Desejo, com siceridade, que faça o mesmo. Exercite sua individualidade. Mulher, esposo, filhos, pais, irmãos, sogras, gatos e cachorros devem estar, nesse momento, em outro plano: o 2º. Não se preocupe se você vai apenas andar sozinho, falar sozinho ou rir sozinho. Ou se vai fazer coisas que acha mais banais ainda; contudo, que faça com e para você mesmo. E de preferência sozinho. Seus amigos e amigas? Filhos? Ora, você esteve com eles meia ora antes, esteve ontem o dia todo; trabalhou com eles por mais de 8 horas hoje; se divertiu a bessa com eles ontem à noite. Por isso, não se preocupe, eles deverão ser compreensíveis - ainda que rolem pelo chão de tanto rir depois te verem andando, falando e rindo sozinho, se for o caso.

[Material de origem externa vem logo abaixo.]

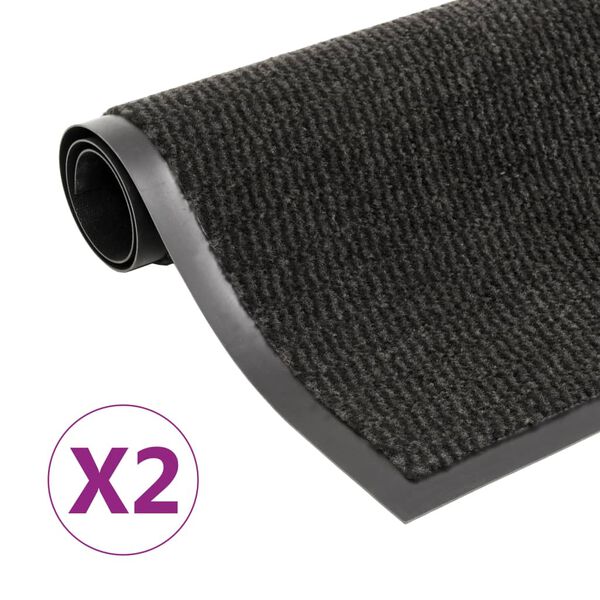 vidaXL Dust Control Mats 2 pcs Rectangular Tufted 90x150 cm Black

Não se acovarde, envergonhe-se ou invente desculpas para fazer aquilo que tornará você, ainda mais, você mesmo. Isso pode parecer estranho, mas é que hoje somos cada vez mais os outros: família, amigos, trabalho, etc e tal. Se jantamos, devemos jantar juntos (da televisão). Se trabalhamos, tropeçamos em outros funcionários da repartição. Se estamos tomando uma, olha a turma de amigos pra rir conosco (e ajudar a pagar a conta, é claro).

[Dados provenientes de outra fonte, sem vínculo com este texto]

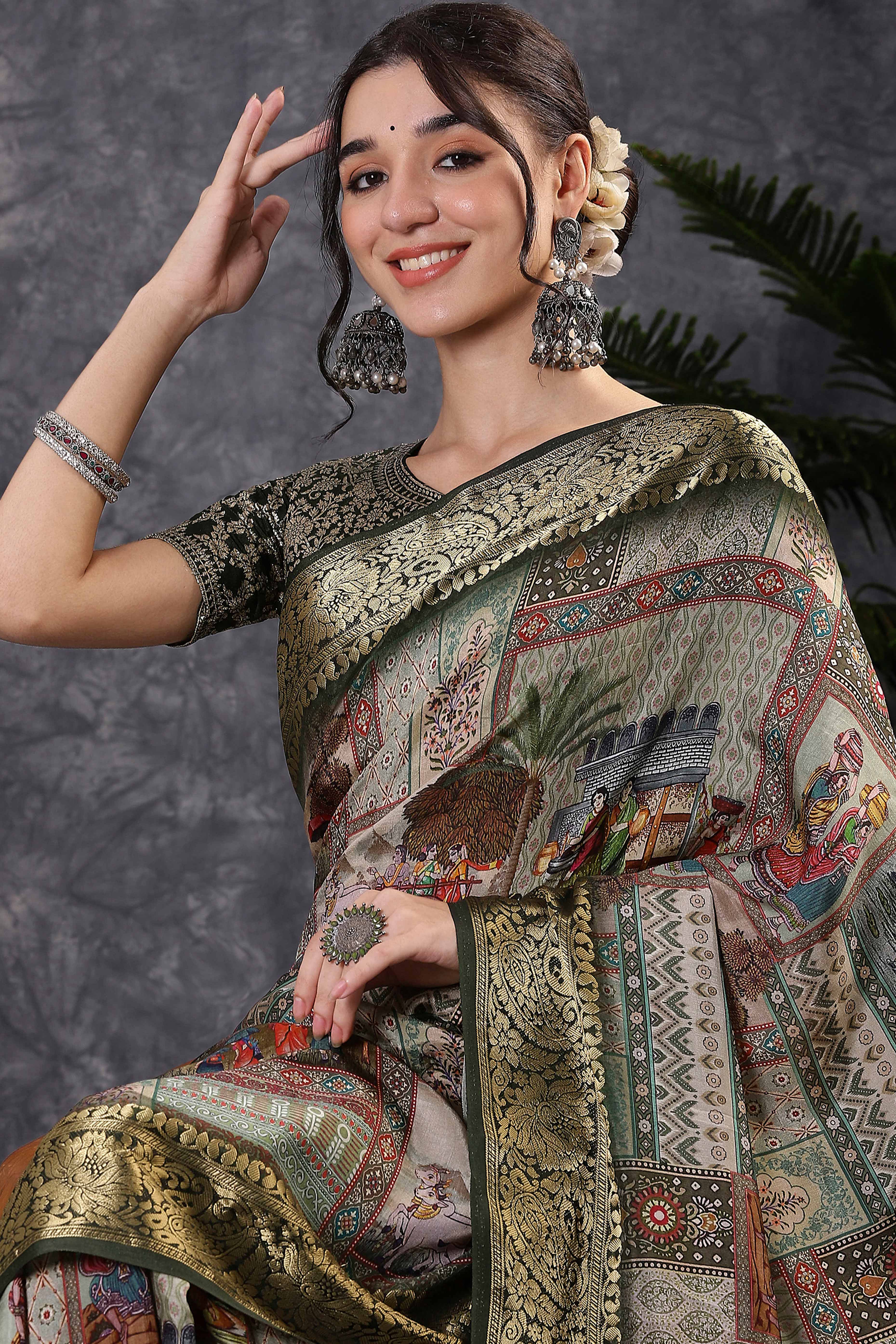 Light Olive Artistic Print Saree in Dola Silk with Woven Border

Além do mais, você vai continuar acompanhado... por você mesmo! Daí, aproveite e apresente-se novamente a você mesmo, caso esteja a muito tempo sem te ver. Conte das coisas que desejou e não consegui, das coisas que não desejou, mas lhe levaram o último centavo do bolso. Fale das apreensões, expectativas de vida, no amor, no trabalho (siga essa ordem!). Conte a você mesmo que quer estreitar ainda mais sua relação com você mesmo. Determine metas e peça a você mesmo que o encoraje à conquista de cada uma delas. Chore, caso sinta vontade, mas não tenha vergonha de pedir um abraço a você mesmo.
Agora, levante-se. Porque seu melhor amigo, você mesmo, precisa se recolher e você deve voltar para vida de papéis, contas pra pagar, filhos com dever de casa e mulher, como sempre, atrasada.